-- Problem to solve --
Consider the listing below. Extract exactly the lines from the line containing "Bed and breakfast Nevädza" to the line containing "MSI-BTY-M6F-11.4V-4640mAh-Laptop-Battery", both included.

-- Material supplied --
━━━━━━━━━━━━━━━━━━━━━━━━━━━━━━

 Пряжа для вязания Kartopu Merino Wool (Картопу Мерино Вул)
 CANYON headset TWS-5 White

━━━━━━━━━━━━━━━━━━━━━━━━━━━━━━

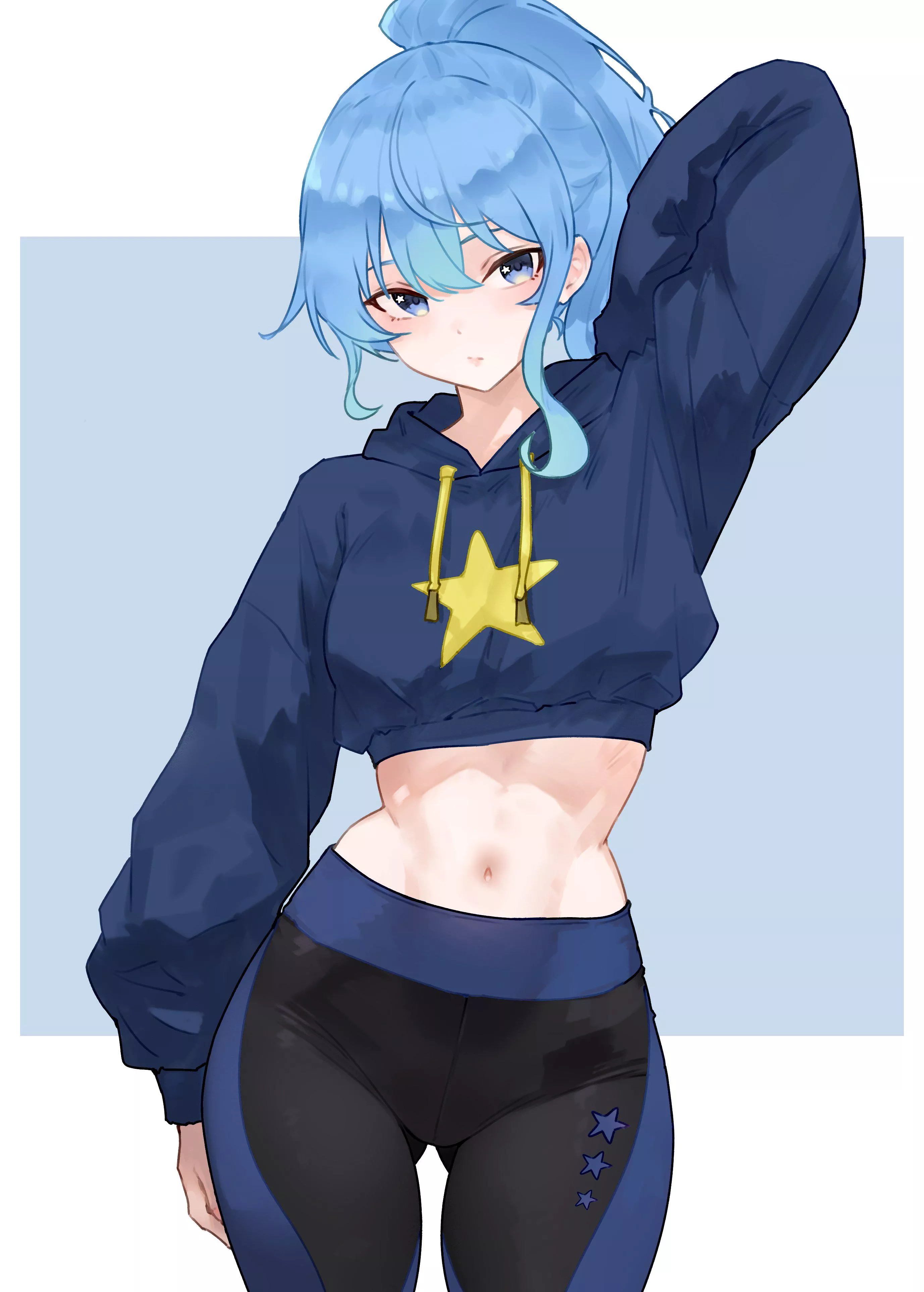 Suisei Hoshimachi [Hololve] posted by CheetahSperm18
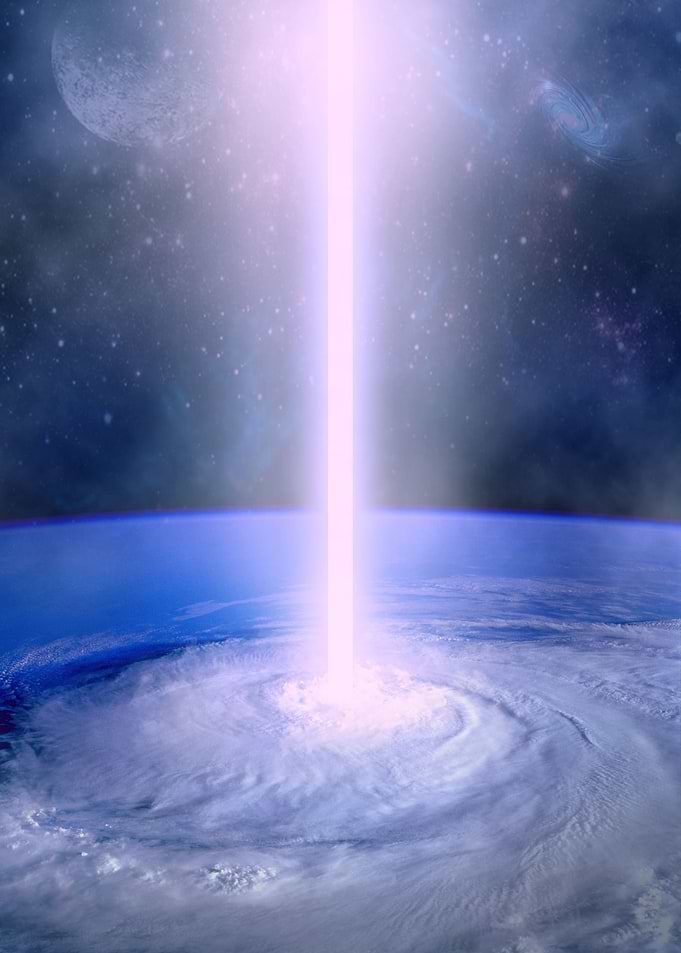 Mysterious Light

━━━━━━━━━━━━━━━━━━━━━━━━━━━━━━

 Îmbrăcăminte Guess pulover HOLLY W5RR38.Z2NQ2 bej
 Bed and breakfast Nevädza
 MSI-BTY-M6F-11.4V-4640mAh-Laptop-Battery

━━━━━━━━━━━━━━━━━━━━━━━━━━━━━━

-- Answer below --
 Bed and breakfast Nevädza
 MSI-BTY-M6F-11.4V-4640mAh-Laptop-Battery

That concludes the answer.